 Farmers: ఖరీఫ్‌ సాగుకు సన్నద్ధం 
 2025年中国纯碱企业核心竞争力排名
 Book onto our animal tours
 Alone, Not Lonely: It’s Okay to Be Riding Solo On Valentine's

════════════════

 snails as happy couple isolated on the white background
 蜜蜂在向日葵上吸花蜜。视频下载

════════════════

What you give back should be exactly the lines of the data above from the line with "2025年中国纯碱企业核心竞争力排名" through the line with "Alone, Not Lonely: It’s", both of those included, and nothing more.

Solution to this problem =>
 2025年中国纯碱企业核心竞争力排名
 Book onto our animal tours
 Alone, Not Lonely: It’s Okay to Be Riding Solo On Valentine's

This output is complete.